Ten tijde van de bestreden beslissing voldeed klager niet aan de voorwaarden voor deelname aan een PP, omdat klager – gelet op het gedeelte van de straf dat hij had ondergaan – pas vanaf 20 juli 2020 in aanmerking kwam voor deelname aan een PP. Reeds op die grond was deelname aan een PP nog niet mogelijk. Daarnaast was het voor gedetineerden, die nog niet in een ZBBI waren geplaatst, niet mogelijk om de resterende detentieperiode thuis met een enkelband uit te zitten.

De namens klager aangevoerde feiten en omstandigheden, kunnen, gelet op de huidige situatie met de daarbij opgelegde beperkingen ten gevolge van het coronavirus, niet leiden tot de conclusie dat sprake zou zijn van een ongerechtvaardigde inbreuk op de artikelen 2, 3, 5 en 8 van het EVRM.
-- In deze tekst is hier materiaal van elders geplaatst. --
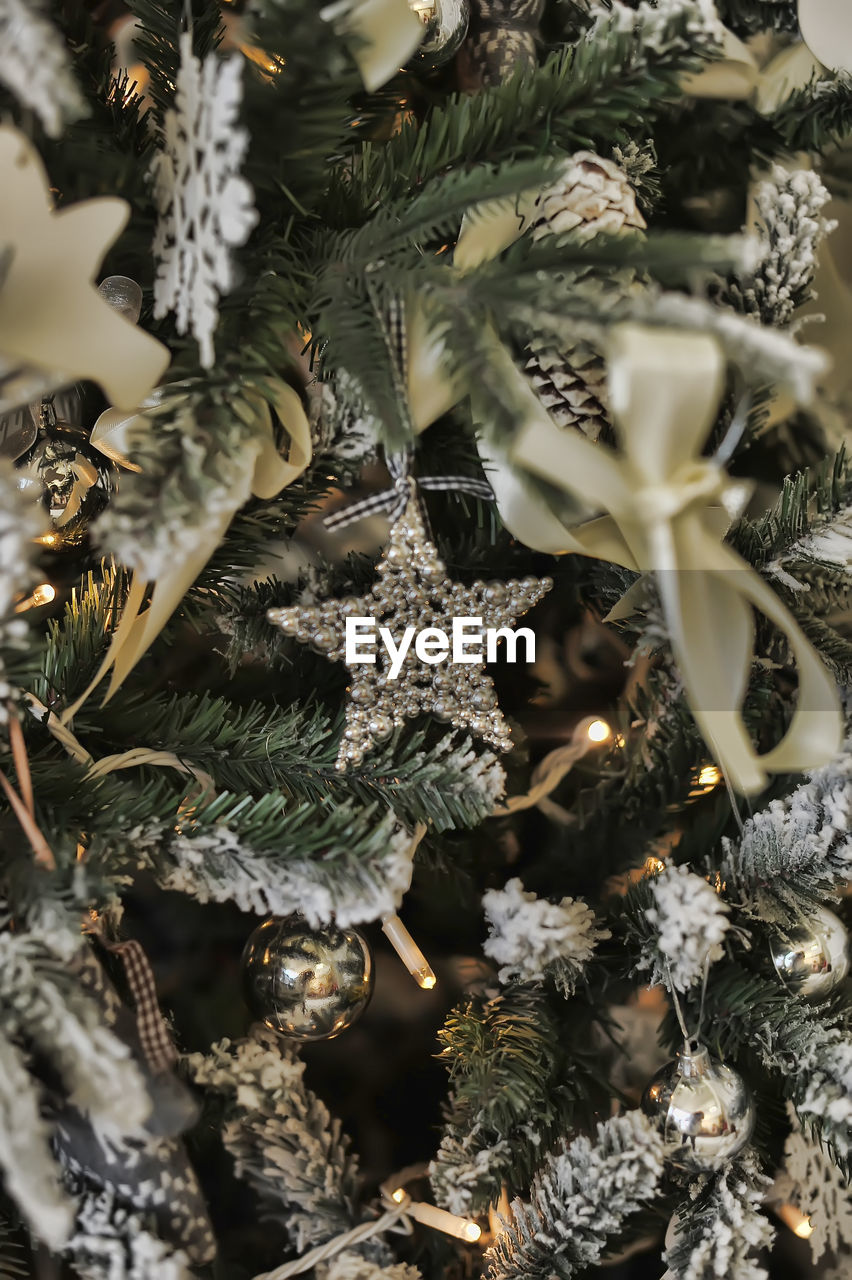 plant, branch, christmas, christmas decoration, no people, celebration, tree, nature, christmas tree, decoration, holiday, flower, close-up, winter, backgrounds, leaf, full frame, christmas ornament, frost, tradition, cold temperature, pattern, indoors, selective focus, beauty in nature, coniferous tree, pinaceae, snow, conifer cone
Voor zover in beroep wordt geklaagd over de termijn waarbinnen de beslissing op klagers verzoek is genomen, wordt opgemerkt dat de beroepscommissie het wenselijk acht dat zo voortvarend mogelijk op een dergelijk verzoek wordt beslist, maar dat de wettelijke termijn hiervoor zes weken bedraagt. Verweerder heeft binnen die termijn beslist. Overigens verbindt de wet ook geen gevolgen aan de overschrijding van die termijn.

De bestreden beslissing kan – gelet op het voorgaande en bij afweging van alle in aanmerking komende belangen – niet als onredelijk of onbillijk worden aangemerkt. De beroepscommissie zal het beroep dan ook ongegrond verklaren.

 

4. De uitspraak

De beroepscommissie verklaart het beroep ongegrond.

 

 

Deze uitspraak is op 30 september 2020 gedaan door de beroepscommissie, bestaande uit

mr. C. Fetter, voorzitter, mr. M.F.A. van Pelt en drs. M.R. van Veen, leden, bijgestaan door mr. S. van Noordt, secretaris.